Speed-Trapped : Residents Say 65-MPH Limit Makes It Dangerous to Cross Road


Residents in the beachfront village of La Conchita north of here are banding together to fight the state’s new 65 mph speed limit along a four-lane stretch of U.S. 101 that slices by their community.

Cars whiz by too fast for many residents to turn on or off the highway, on which cross-traffic is allowed, forcing drivers to wait several minutes for gaps in traffic to safely lurch across the road.

They have begun writing letters and placing phone calls to well-positioned officials to get the speed limit reduced to 55 mph on the two-mile portion of the highway from Seacliff to Carpinteria.

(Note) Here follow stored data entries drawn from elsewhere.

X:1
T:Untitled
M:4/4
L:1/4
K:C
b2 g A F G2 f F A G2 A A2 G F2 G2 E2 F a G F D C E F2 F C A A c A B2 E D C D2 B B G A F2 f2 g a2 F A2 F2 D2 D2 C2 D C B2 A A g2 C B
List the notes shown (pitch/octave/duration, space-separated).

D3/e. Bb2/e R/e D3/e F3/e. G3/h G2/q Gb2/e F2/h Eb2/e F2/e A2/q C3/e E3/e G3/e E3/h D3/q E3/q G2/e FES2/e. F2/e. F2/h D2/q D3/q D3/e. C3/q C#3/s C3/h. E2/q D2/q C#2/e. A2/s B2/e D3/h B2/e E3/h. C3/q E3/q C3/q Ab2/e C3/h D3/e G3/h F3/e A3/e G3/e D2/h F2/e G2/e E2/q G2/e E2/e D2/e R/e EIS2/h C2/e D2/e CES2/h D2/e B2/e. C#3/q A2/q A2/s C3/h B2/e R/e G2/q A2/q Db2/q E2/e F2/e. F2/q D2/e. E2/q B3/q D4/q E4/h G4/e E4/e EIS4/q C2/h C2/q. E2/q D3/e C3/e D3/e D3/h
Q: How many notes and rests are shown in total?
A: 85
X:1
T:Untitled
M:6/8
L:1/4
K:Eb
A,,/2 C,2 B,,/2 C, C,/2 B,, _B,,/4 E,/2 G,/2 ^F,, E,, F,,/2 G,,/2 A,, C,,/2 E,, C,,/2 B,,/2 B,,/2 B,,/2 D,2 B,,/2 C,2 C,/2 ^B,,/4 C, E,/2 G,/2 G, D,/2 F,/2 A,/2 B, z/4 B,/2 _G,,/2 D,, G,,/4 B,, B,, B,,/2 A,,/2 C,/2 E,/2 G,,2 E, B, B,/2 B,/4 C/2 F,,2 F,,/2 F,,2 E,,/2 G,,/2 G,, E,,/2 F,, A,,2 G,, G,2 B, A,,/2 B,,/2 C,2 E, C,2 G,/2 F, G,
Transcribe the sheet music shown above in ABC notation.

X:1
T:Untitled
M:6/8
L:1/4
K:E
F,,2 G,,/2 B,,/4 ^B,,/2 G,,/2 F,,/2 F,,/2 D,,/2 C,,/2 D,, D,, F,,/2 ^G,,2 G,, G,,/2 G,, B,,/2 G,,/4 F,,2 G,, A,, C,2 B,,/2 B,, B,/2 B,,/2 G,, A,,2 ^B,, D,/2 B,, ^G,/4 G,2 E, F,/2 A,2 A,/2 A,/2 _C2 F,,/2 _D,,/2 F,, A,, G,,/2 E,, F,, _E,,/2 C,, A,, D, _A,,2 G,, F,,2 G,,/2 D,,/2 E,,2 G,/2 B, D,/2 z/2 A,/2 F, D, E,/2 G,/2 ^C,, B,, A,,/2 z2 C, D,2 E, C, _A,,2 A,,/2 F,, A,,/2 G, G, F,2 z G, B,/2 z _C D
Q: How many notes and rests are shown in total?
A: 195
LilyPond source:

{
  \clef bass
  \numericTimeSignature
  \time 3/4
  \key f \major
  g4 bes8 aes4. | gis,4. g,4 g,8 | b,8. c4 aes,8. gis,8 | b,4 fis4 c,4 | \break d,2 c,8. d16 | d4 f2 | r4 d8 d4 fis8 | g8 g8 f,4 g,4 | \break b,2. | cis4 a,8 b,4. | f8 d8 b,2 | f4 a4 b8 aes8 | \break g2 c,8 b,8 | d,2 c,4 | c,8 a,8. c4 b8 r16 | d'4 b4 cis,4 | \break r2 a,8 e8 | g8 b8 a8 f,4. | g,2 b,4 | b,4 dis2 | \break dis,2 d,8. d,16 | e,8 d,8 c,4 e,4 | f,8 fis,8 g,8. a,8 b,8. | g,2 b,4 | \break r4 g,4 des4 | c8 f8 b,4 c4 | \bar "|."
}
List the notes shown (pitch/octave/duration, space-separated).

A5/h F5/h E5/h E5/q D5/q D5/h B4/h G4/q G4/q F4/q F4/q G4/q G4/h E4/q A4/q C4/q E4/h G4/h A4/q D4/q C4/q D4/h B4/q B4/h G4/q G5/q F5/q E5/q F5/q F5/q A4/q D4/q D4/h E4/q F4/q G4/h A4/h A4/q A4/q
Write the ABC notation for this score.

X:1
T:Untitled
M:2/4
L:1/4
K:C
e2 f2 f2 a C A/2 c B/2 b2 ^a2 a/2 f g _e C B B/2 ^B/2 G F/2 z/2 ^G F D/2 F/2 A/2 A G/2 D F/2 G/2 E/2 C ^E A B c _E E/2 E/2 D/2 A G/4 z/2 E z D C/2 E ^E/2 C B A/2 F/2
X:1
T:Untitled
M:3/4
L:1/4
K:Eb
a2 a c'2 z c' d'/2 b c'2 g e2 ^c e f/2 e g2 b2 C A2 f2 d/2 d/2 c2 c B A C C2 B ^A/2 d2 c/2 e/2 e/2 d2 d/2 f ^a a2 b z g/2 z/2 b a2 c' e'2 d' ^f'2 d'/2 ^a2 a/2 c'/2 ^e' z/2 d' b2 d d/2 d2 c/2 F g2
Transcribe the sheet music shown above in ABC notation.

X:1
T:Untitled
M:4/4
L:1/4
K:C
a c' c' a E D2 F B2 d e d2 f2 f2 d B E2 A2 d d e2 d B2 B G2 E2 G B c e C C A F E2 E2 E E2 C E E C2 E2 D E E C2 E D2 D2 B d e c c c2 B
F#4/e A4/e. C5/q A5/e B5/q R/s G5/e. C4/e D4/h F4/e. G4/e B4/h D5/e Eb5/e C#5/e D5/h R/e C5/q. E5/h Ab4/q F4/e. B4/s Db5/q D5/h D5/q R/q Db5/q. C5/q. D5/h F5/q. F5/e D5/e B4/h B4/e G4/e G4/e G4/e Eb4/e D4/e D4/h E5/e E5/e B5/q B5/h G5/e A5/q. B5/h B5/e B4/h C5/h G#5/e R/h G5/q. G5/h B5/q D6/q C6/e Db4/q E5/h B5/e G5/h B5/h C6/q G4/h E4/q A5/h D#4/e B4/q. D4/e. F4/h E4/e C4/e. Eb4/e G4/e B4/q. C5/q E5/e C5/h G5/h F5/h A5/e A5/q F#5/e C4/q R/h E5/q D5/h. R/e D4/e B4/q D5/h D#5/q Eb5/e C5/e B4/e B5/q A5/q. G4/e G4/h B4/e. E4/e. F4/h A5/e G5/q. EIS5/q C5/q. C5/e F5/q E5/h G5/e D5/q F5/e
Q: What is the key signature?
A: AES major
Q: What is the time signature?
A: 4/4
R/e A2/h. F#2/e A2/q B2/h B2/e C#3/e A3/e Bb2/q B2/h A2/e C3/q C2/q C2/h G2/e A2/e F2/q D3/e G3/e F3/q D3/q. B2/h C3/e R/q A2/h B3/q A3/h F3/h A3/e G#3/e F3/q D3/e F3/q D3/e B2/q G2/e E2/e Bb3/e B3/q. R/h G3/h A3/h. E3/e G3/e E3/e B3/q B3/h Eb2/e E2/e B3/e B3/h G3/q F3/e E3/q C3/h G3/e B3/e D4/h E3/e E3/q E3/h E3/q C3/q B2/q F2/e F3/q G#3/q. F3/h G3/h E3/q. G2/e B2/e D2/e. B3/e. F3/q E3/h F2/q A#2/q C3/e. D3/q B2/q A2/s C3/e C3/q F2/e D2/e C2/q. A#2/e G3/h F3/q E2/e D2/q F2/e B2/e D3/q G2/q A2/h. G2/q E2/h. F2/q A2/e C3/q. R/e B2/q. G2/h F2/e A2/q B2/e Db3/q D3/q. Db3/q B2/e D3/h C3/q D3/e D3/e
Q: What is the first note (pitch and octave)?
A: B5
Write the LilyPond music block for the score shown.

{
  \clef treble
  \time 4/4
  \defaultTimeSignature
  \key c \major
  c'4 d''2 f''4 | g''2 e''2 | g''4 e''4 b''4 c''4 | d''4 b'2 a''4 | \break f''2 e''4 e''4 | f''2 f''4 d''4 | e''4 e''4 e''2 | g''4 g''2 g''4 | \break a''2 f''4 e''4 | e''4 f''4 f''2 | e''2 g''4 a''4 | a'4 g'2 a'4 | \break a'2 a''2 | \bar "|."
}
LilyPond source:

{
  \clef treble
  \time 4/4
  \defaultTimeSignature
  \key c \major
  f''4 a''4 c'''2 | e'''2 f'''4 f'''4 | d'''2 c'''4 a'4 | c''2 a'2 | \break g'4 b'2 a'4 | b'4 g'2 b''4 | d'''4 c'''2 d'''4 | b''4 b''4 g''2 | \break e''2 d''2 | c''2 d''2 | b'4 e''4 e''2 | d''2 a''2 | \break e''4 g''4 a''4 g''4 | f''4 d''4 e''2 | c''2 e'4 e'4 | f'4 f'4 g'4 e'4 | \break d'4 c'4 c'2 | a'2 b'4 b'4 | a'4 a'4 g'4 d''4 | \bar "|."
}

“It’s riskier to go ahead and stick your nose out in front of traffic,” said Hank Alviani, a retired aircraft worker who has watched traffic from his La Conchita home for 12 years.

“There isn’t a car out there that’s doing less than 65,” he said. “They’re probably doing a lot more than that.”

After President Clinton signed legislation late last year leaving speed-limit regulation to the states, the limits on many California highways and freeways went up to 65 and 70 mph.

Drivers along the entire length of the Ventura Freeway through Ventura County are now allowed to travel 65 mph.

But La Conchita residents say speed limits should never have been raised in front of their homes.

They have just one intersection allowing highway access. And just south of La Conchita, homeowners in the tiny community of Mussel Shoals also are limited to one way in and out.

“This is not a freeway, it’s a four-lane highway,” said Warren Bateman, a retired lighting director who has fired off letters complaining about excessive speed limits to his representatives in Sacramento.

“Everybody agrees that this is a hazard to this stretch of the 101,” Bateman said.

Except state Department of Transportation officials.

Caltrans supervisor Luu Nguyen, who oversees Ventura County operations, said the two-mile section of the road south of the Santa Barbara County line is considered an expressway.

“The freeway is 65 mph up to Mussel Shoals and 65 mph when you get to the [Santa Barbara] county line,” Nguyen said.

“You don’t make that kind of gap in the speed limit for two miles when traffic has been going that fast even before the speed limit was 65,” he said.

State transportation officials want to widen the road and make it a freeway all the way to Carpinteria. But those plans were decades off even before a huge landslide in March destroyed some homes in La Conchita, Nguyen said.

According to Caltrans, more than 55,000 cars pass by La Conchita every day. It would be too much of an inconvenience to the majority of drivers to make them slow down for the two miles south of the county line, Nguyen said.

Part of the problem, Nguyen said, is that drivers themselves dictate speed limits. Before a speed limit is designated along a road or highway, traffic analysts armed with radar guns conduct extensive surveys.

The limit is then designated as the speed at which 85% of the drivers are traveling, rounded down to the nearest five.

Caltrans did install a flashing beacon at Mussel Shoals and acceleration lanes both north- and southbound, Nguyen said. But “there’s no justification for a signal because it’s an expressway,” he said.

The flashing light is of little consolation to Sandy Porter, the manager of the Cliff House Inn, a resort that hugs the coast at Mussel Shoals, a quarter-mile south of La Conchita.

“It’s always been really hairy trying to cross over to go northbound, and now it’s even more scary,” Porter said. “We call 911 every three months or so.”